(This is a continuation of musings on Matthew Crawford’s Why We Drive. Read Part 1 here.)
Modern technology is opposed to the development of virtue.
Machinery that humans operate has been moving away from manual gauges and towards automated alerts. While the manual gauge, or even moreso, the seat of the pants, puts an imposition on the driver to pay attention, the automated alert does not - instead it invites us to have faith that the alarm will sound when there is a problem. But what if it doesn't? Then, the driver is thrust from their leisurely couch-sitting into a disaster where all the automation is falling apart.
Human factors research shows how making things too easy for people can backfire, because our "attentional capacity... shrinks to accommodate reductions in mental workload." This is especially worrying because it is hard to detect. The operator simply tunes out because he or she doesn't have enough to do. Further, when the driver (or pilot) is understimulated during routine operation, he is more likely to panic when overstimulated, as happens when dealing with a failure of the automation.
As much as I think we get overstimulated by media, I think Crawford is absolutely onto something here. In productive endeavors, especially those that use the hands, we are chronically UNDER-stimulated.
No wonder we want to watch TikTok while driving.
The cars aren't fun anymore - and not just because we've gotten used to them - they demand less of us. Now, the Lord asks us to stay awake and keep watch. Is there a level of automation that encourages us to not do this?
The virtue of alertness is one front, but there are others. Machine thinking despises prudence - it writes it right out.
If there is an overall lesson to be learned from the human factors literature, perhaps it is this: automation has a kind of totalizing logic to it. At each stage, remaining pockets of human judgement and discretion appear as bugs that need to be solved.
And this becomes a political question as much as a technical one.
The contest for control between humans and computers often looks like no contest at all, as a political reality.
We have conditioned ourselves to expect this!
Wherever large groups assemble there is an imperative to control every aspect of the environment, and prescribe every move - every allowed use. Usually it is some private entity that does this, not the government. Worse, it becomes an unthought posture we adopt for ourselves, having been trained to think of ourselves as consumers of manufactured experiences rather than as rational creatures capable of dealing with the world in an unfiltered way.
And of course the desire to not exercise virtue is one of laziness.
This is a laziness that the technocrats of our time are well aware of. Eric Schmidt (of Google) told the Wall Street Journal:
"One idea is that more and more searches are done on your behalf without you having to type... I actually think most people don't want Google to answer their questions.
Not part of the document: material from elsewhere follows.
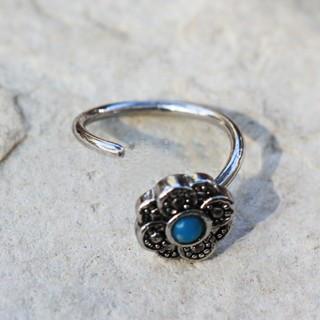 Aqua flower nose hoop earring made of 316L stainless steel with a turquoise bead centerpiece and black plating.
They want Google to tell them what they should be doing next."
We want rest and freedom. Of course, true freedom is not to be found through faith in machines, but in development of virtue.
Qualities once prized, such as spiritedness and a capacity for independent judgement, are beginning to appear dysfunctional. If they are to operate optimally, our machines require deference. Perhaps what is required is an adaptation of the human spirit, to make it more smoothly compatible with a world that is to be run by a bureaucracy of machines. Or maybe we need to burn that house down.